Zero-shot quantization (ZSQ) enables neural network compression without original training data, making it a promising solution for restricted data access scenarios. To compensate for the lack of data, recent ZSQ methods typically rely on synthetic inputs generated from the full-precision model. However, these synthetic inputs often lead to activation distortion, especially under low-bit settings. To mitigate this, existing methods typically employ per-channel scaling, but they still struggle due to the severe computational overhead during the accumulation process. To overcome this critical bottleneck, we propose GranQ, a novel activation quantization framework that introduces an efficient pre-scaling strategy. Unlike conventional channel-wise methods that repeatedly perform scaling operations during accumulation, GranQ applies scaling factors in a pre-scaling step through fully vectorized computation, eliminating runtime scaling overhead. This design enables GranQ to maintain fine-grained quantization accuracy while significantly reducing computational burden, particularly in low-bit quantization settings. Extensive experiments under quantization-aware training (QAT) settings demonstrate that GranQ consistently outperforms state-of-the-art ZSQ methods across CIFAR and ImageNet. In particular, our method achieves up to 5.45% higher accuracy in the 3-bit setting on CIFAR-100 and even surpasses the full-precision baseline on CIFAR-10.

Paper Structure

This paper contains 22 sections, 6 equations, 5 figures, 5 tables, 1 algorithm.

Figures (5)

  • Figure 1: Comparison between (a) layer-wise quantization and (b) GranQ on the CIFAR-10. Each subfigure visualizes the 32-bit FP (left) and 3-bit quantized (right) activations of the first ResNet-20 layer.

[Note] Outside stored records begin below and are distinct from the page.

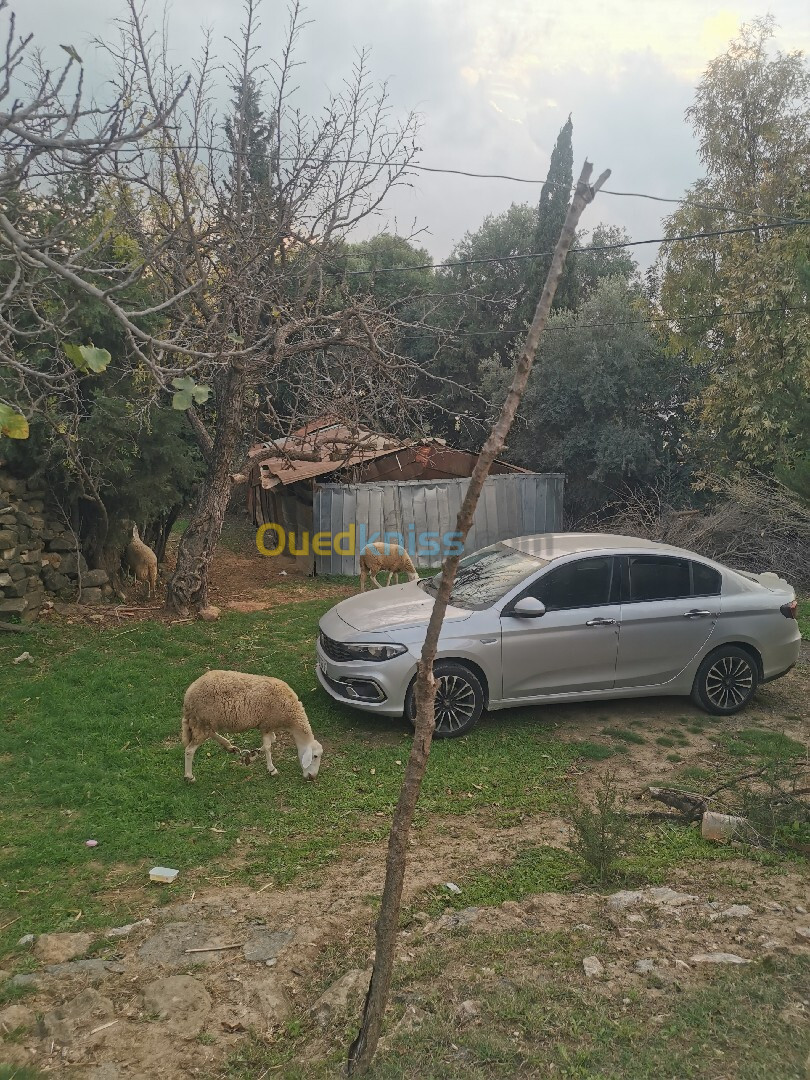 Fiat Tipo Sedan 2023 Life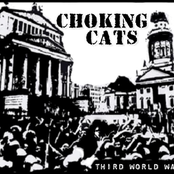 Choking Cats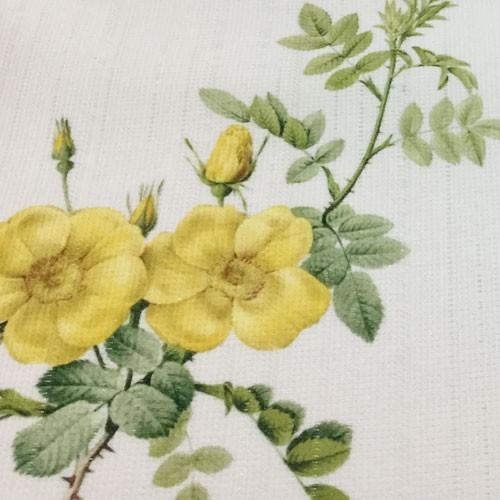 花嫁のれん風タペストリー 花嫁のれん風タペストリー 花嫁のれん風タペストリー 楽天市場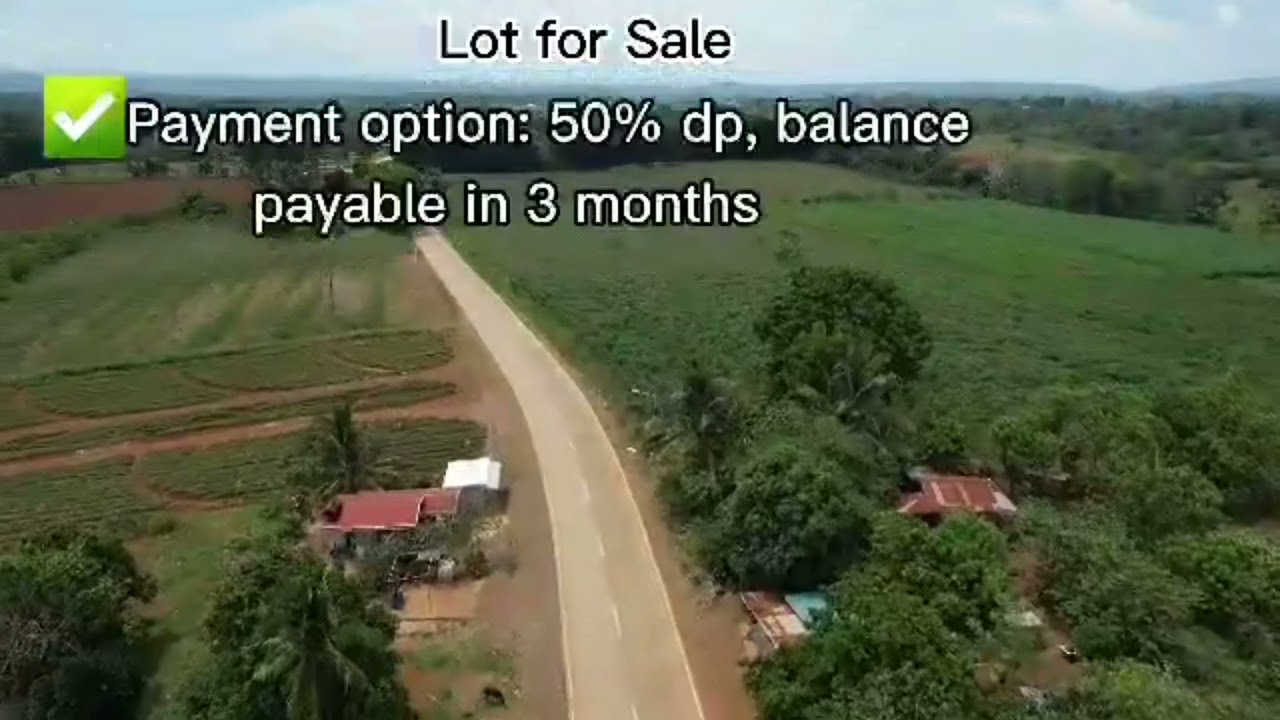 Mini Farm Lots at Lingating Baungon, Bukidnon just 19kms away from SM Uptown CDO | Karen Mel Go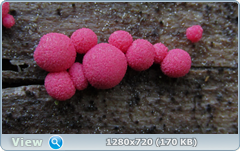0_fbef8_8aa9fe70_orig.png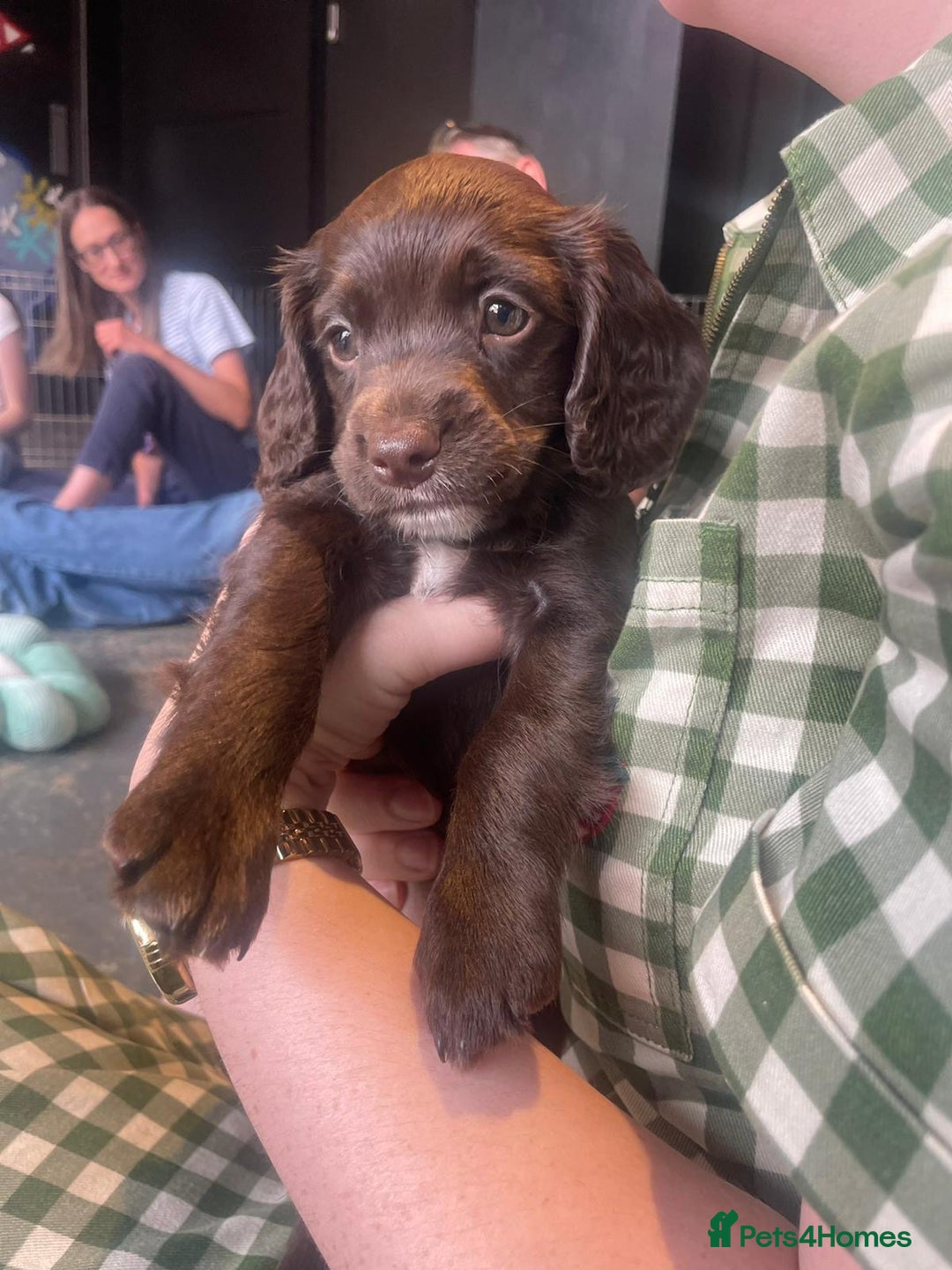 Cockapoo dogs for sale: READY NOW..!  cockapoos *1 girl 2boys* - Image 17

GranQ better preserves the original activation with minimal distortion.
  • Figure 2: Overview of the GranQ algorithm. 1 Each activation map $A_l$ is decomposed into channel-wise vectors, which are used to compute scaling factors ($\vec{s}_c$) and zero-points ($\vec{z}_c$) in a vectorized form. 2 The calculated scaling factor is applied in advance (pre-scaled) to the quantized activations through parallel lanes, enabling efficient parallel accumulation.
  • Figure 3: Latency of ResNet-20 quantization across batch sizes on CIFAR-100 with 3-bit setting.
  • Figure 4: Relative quantization error across layers in ResNet-20 with 3-bit quantization on CIFAR-100.
  • Figure 5: Pixel distribution comparison between (a) original and (b) synthetic inputs on ImageNet. Synthetic inputs generated by AdaDFQ 22 exhibit a rightward shift with higher skewness.